Harrisonburg Public Works honored for Urban Forestry & Wood program
Harrisonburg Public Works won the Gold Medal Governor’s Environmental Excellence Award for its Urban Forestry and Urban Wood program.
The awards, presented by the Virginia Department of Environmental Quality, recognize significant contributions of environmental and conservation leaders in the categories of sustainability, environmental project, greening of government and implementation of the Virginia Outdoors Plan. The Harrisonburg Urban Forestry and Urban Wood program being honored this year is an effort by the Public Works team to make the best out of a bad situation with our community’s ash trees, and the program has quickly become an example for others across the Commonwealth to follow.
The effort gives new life to trees that have been removed from our tree canopy due to the invasive emerald ash borer, which infests ash trees and eventually kills them, creating a serious safety hazard from trees that could fall in areas like our parks. More than 1,000 ash trees have been removed in Harrisonburg, but Jeremy Harold, greenspace manager for the Public Works Department, quickly realized that those trees didn’t have to just go to waste.
Working closely with Virginia Department of Forestry staff, Harold helped to start the Harrisonburg Urban Wood Program.
“Instead of putting the tree through a chipper, the program creates a better use for the felled wood by repurposing it for a second life at their highest value: such as turning top branches into mulch, turning bottom branches into firewood, and using trunks for lumber,” Harold explained.
The program has utilized more than 1,000 tons of natural resources as woodchips, firewood and lumber, with the lumber especially being a much sought-after resource for local woodcrafters. The lumber also is used in City projects such as benches, planter boxes, solar kiln, display boards, tables, coasters and much more, which often offsets the need to purchase other raw material.
Around 300 tons of wood debris annually was diverted from the landfill through the Urban Wood Program since its creation, and to date the program has generated 10,500 board feet of lumber, 1,000 cubic yards of mulch and 15 pallets of firewood.
But with every tree that comes down, Public Works knows a new tree needs to go up. And with up to 14 percent of public trees being ash, the need to begin replacing these trees became imperative.
That’s why Harrisonburg’s Urban Forestry Program replaces every ash tree with a diverse selection of native species with no more than 10 percent of one species. More than 1,400 diverse native trees have been planted in Harrisonburg parks, along city streets, adjacent to streams and other city rights-of-way since 2018.

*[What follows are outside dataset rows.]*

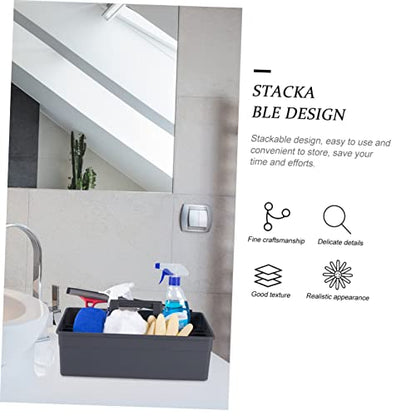 Happyyami Thick Plastic Cleaning Basket with Portable Handle Versatile Storage Organizer for Cleaning Tools and Supplies for Home and Office Use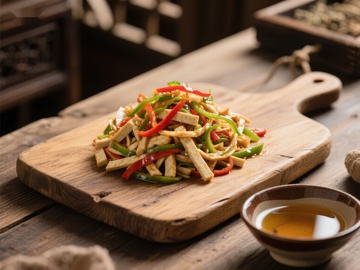 木盘上的彩椒炒豆干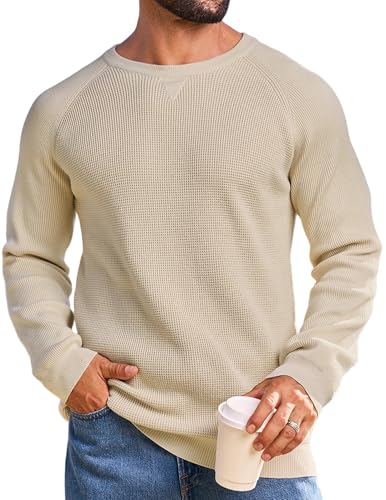 Vssjavun Mens Crewneck Pullover Sweater Waffle Textured Long Sleeve Casual Knitted Sweaters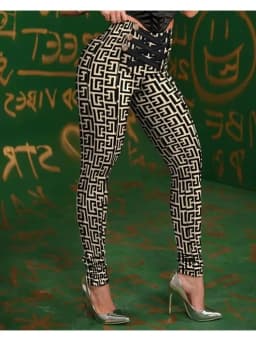 Women's High-Waist Button Detail Criss-Cross Pencil Pants Geometric Print Butt-Lifting Skinny Trousers for Spring & Autumn Pant
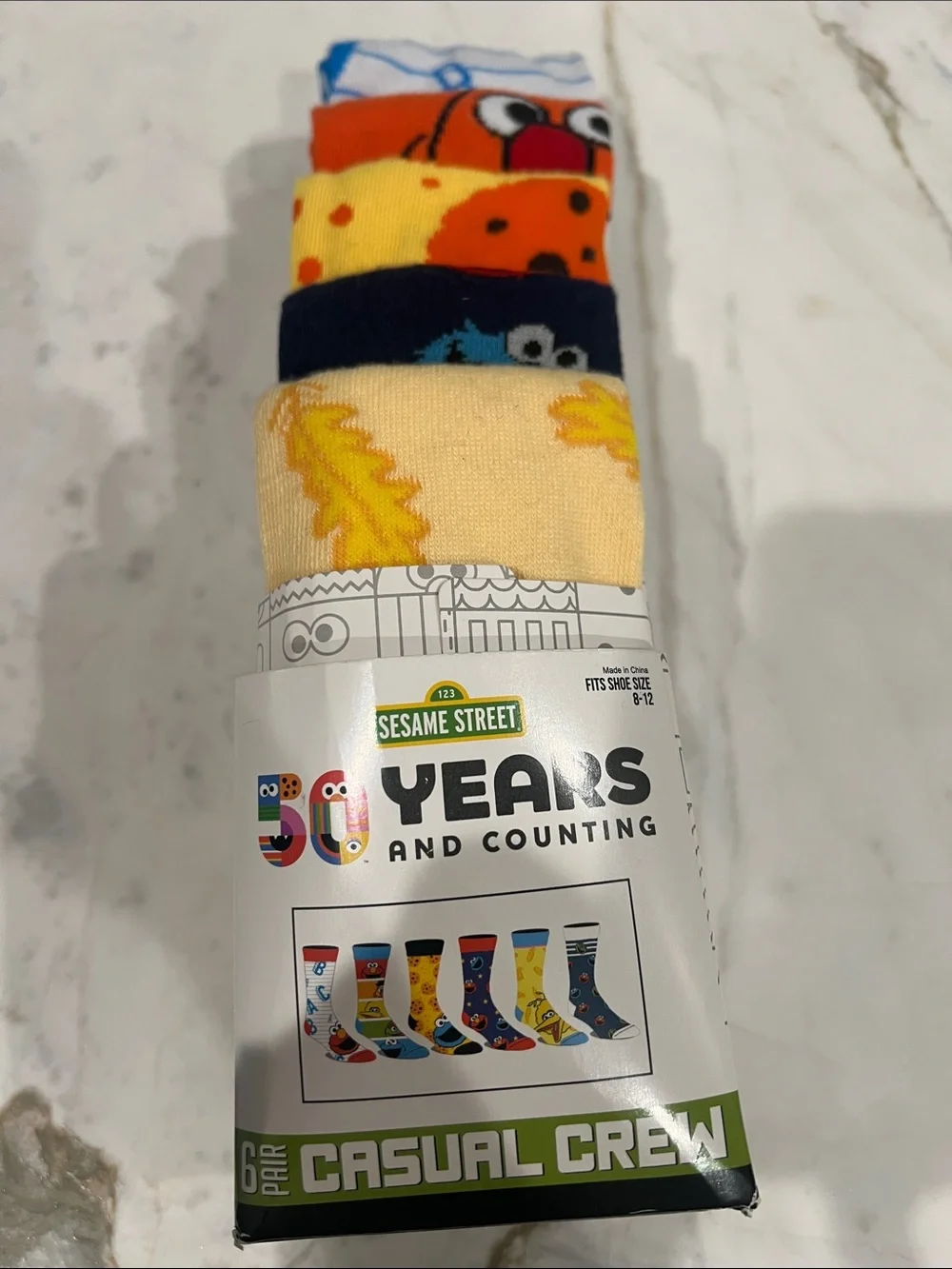 Sesame Street Elmo Big Bird Cookie Monster Bert Men’s Crew Style Socks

Trees are an essential component to habitat and conservation in urban areas. As smaller forests are connected through planned or informal urban greenways, trees provide essential habitat to a range of birds, pollinators, and other wildlife that feed on insects.
The Urban Forestry program seeks to maintain and grow the city’s urban forests through planting diverse native species and species most likely to be acclimated to a changing climate. Hundreds of these trees are grown by staff in our greenhouses, helping to reduce costs and transportation emissions.
The program reuses felled trees, keeping them out of the landfills where they generate greenhouse gases while providing material for city projects and local businesses that reduce the need for virgin materials and transportation related emissions. Additionally, the trees help to reduce stormwater and improve water quality while also acting as air filters and sequestering carbon.
The program partners with community groups, businesses and residents, and seeks to work across City departments and programs to expand tree canopy coverage into neighborhoods with limited tree coverage, helping to improve tree equity measures. For example, the Urban Forestry program has partnered with the city’s stormwater cost share program, Harrisonburg Conservation Assistance Program, to provide high-quality tree planting plans and advice for landowners interested in trees while the HCAP program provides financial support to the landowners.
“It is important that all of our residents have access to trees because trees provide so many benefits from water quality, habitat, and carbon sequestration to reducing the impacts of the urban heat island effect,” said Keith Thomas, sustainability and environmental manger at the Public Works Department.